A catch-all domain is configured to accept email sent to any address at that domain, even addresses that don't correspond to real mailboxes. This means SMTP validation will return a deliverable result for made-up addresses like xyzrandom123@company.com, making the results inconclusive. Before trusting bulk validation results, test each domain with a clearly nonsensical address first — if it comes back as deliverable, treat that domain's results as unreliable.
When should I use bulk email validation instead of real-time single-address validation?
Use bulk validation when you're processing a large existing list, such as a CRM export, a purchased contact database, or a set of prospected addresses generated from email permutation patterns. Real-time single-address validation is better suited to form submissions where you need an immediate inline response. For market sizing research or pre-campaign list cleaning, bulk validation is more efficient and cost-effective.
How can bulk email validation improve TAM/SAM/SOM market sizing?
Contact databases decay at roughly 22% per year, meaning a significant portion of the roles and addresses in any static list no longer exist. By generating email permutations for target roles and running them through a bulk verification API, you can identify which positions actually exist at target accounts right now. This converts probabilistic market size estimates into deterministic, SMTP-verified counts that better reflect real addressable opportunity.

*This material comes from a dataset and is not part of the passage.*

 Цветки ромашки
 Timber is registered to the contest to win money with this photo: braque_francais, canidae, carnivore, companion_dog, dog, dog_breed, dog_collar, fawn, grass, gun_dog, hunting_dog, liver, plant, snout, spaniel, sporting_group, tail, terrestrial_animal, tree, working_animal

What fields should I look at in a bulk email validation API response?
The most actionable fields are is_smtp_valid (whether the mailbox responded positively to SMTP probing), deliverability (a summary status like DELIVERABLE, UNDELIVERABLE, or UNKNOWN), and is_disposable_email (whether the address belongs to a temporary inbox service). Filtering on these three fields lets you segment results into safe-to-contact, remove, and needs-review buckets before importing back into your CRM or outreach tool.